Right now I’m hearing a man and a woman talking to each other outside my house. Again, I can’t seem to make out what they are saying, but sometimes I can tell a shift in tone. It’s like if people are having a conversation, maybe even about you, but you never see them and you can barely hear them. Like I said, I’m not able to make out exactly what they’re saying, but I get the feeling many times they are commentating about whatever it is that I’m doing. Some days it seems easier to push them down and try to ignore them. Other days, like today, I’m just left wondering what the purpose is in this. This has been going on for well over a year now, and I’ve yet to figure out what it means. Am I creating these voices subconsciously? I also don’t know why it’s worse when there is ambient or white noise in the background.

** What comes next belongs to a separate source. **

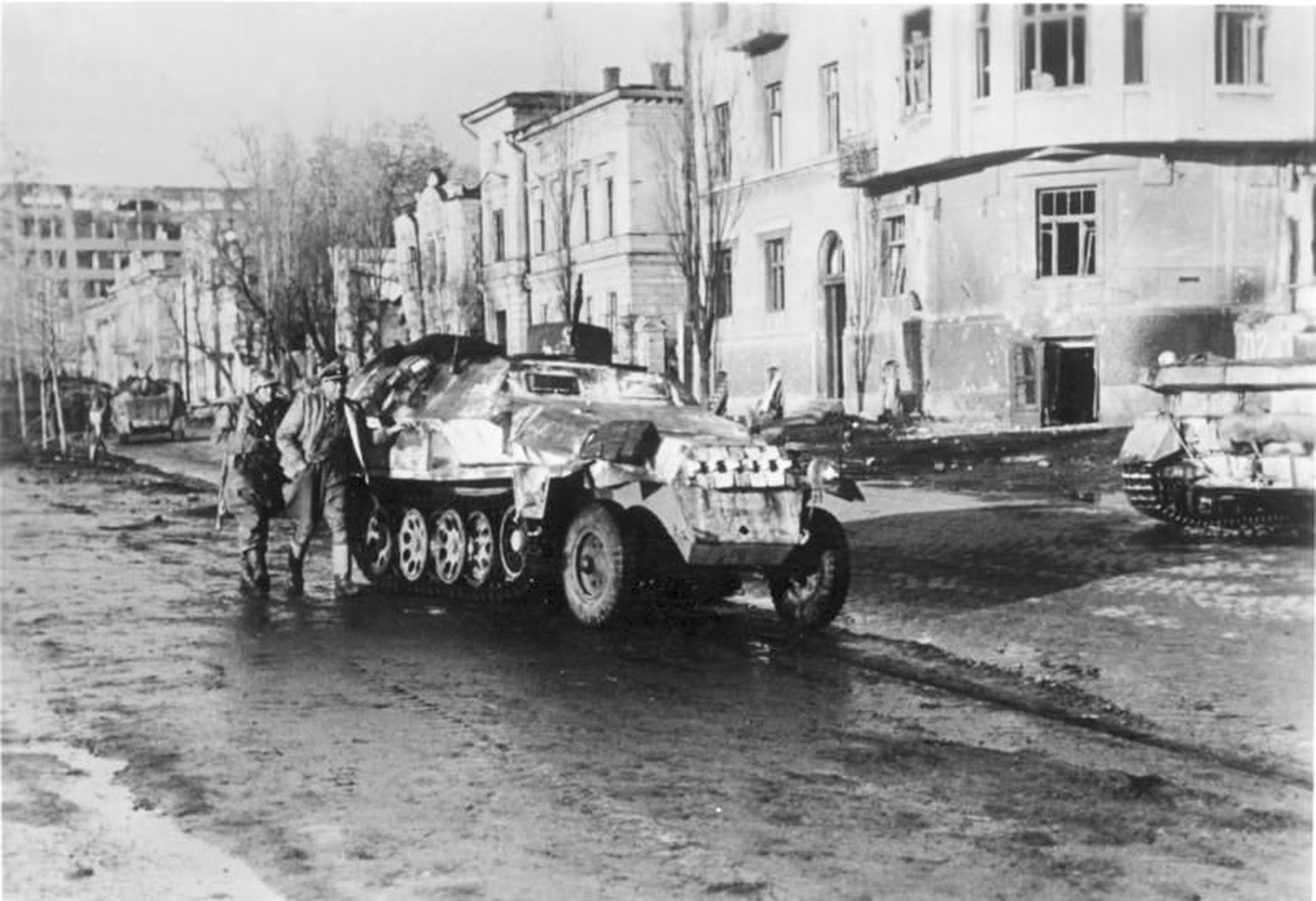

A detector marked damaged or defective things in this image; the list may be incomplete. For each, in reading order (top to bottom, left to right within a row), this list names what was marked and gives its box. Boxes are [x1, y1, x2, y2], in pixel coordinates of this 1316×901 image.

damaged building facade [463, 65, 689, 371]
damaged building facade [695, 3, 1310, 426]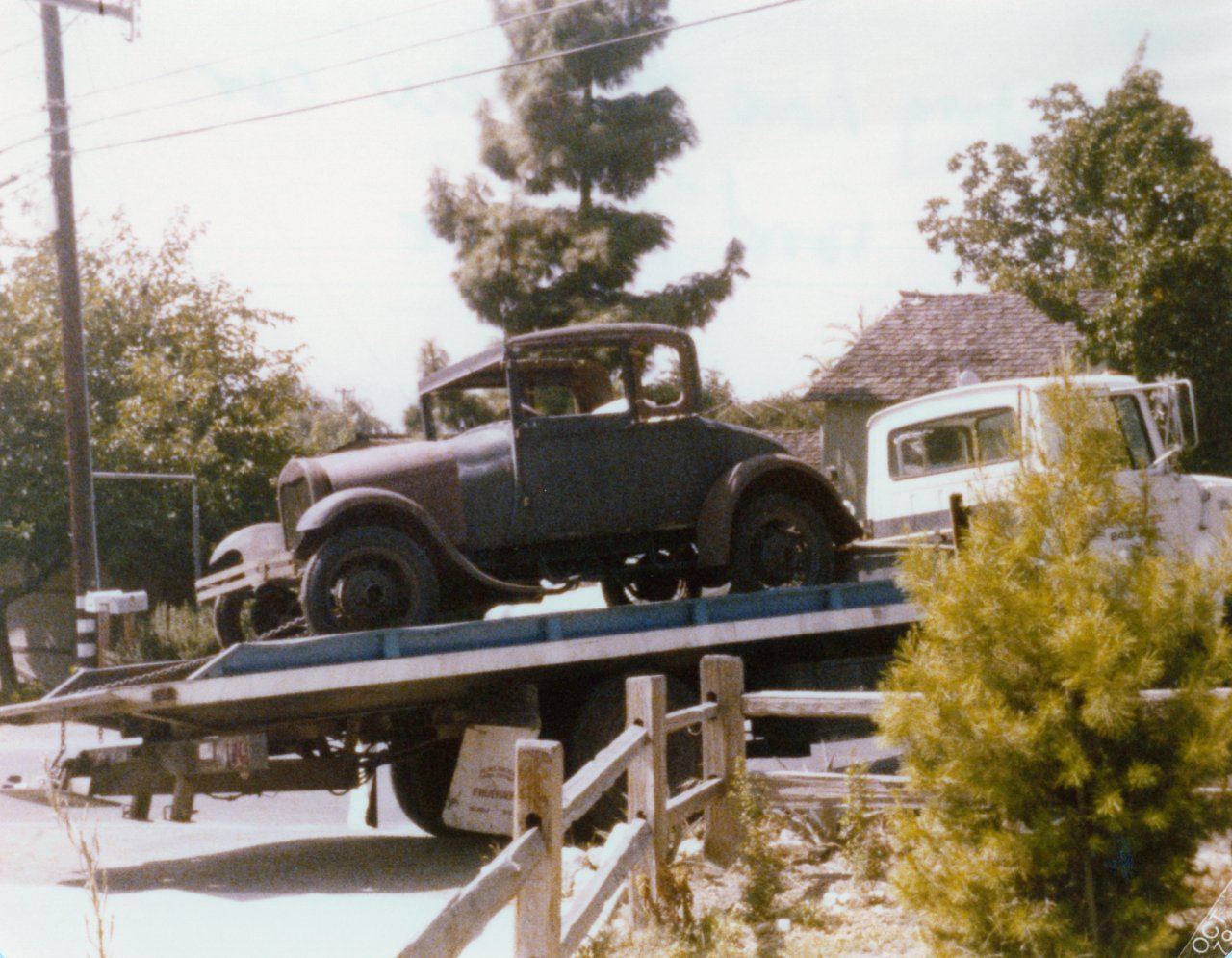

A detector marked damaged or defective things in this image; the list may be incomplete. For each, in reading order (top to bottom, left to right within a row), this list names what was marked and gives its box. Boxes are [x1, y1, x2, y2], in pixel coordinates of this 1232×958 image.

Every day it’s inevitable that I hear them. The only reason I said that maybe I’m creating these voices subconsciously is because sometimes they mimic my mood. What’s strange is that when I go through something difficult or I find myself in a tough situation, I can sense that there tones become more compassionate. Yet, it also seems like they can take harsher or more critical tones…perhaps if they disagree with a decision that I make. What I’m trying to say is that maybe there nature is directly affected by my actions. Honestly, I think I’ve come up with the best way to explain how I feel about this whole situation. I feel like Truman from the movie “The Truman Show”. I don’t mean to say that I think my life is really a television show, but I do identify with the concept of being watched and having strange things go on. I just wish I knew how or why this all started. I keep thinking that if I could figure out how it all began that I could put an end to it.
The biggest concern I have is wasting time. Sometimes it’s easy for me to become obsessive about figuring out what is being said or what’s going on that I will lose my focus and lose track of time. I keep telling myself, just make it one more day. And that’s what I do, I make it one more day.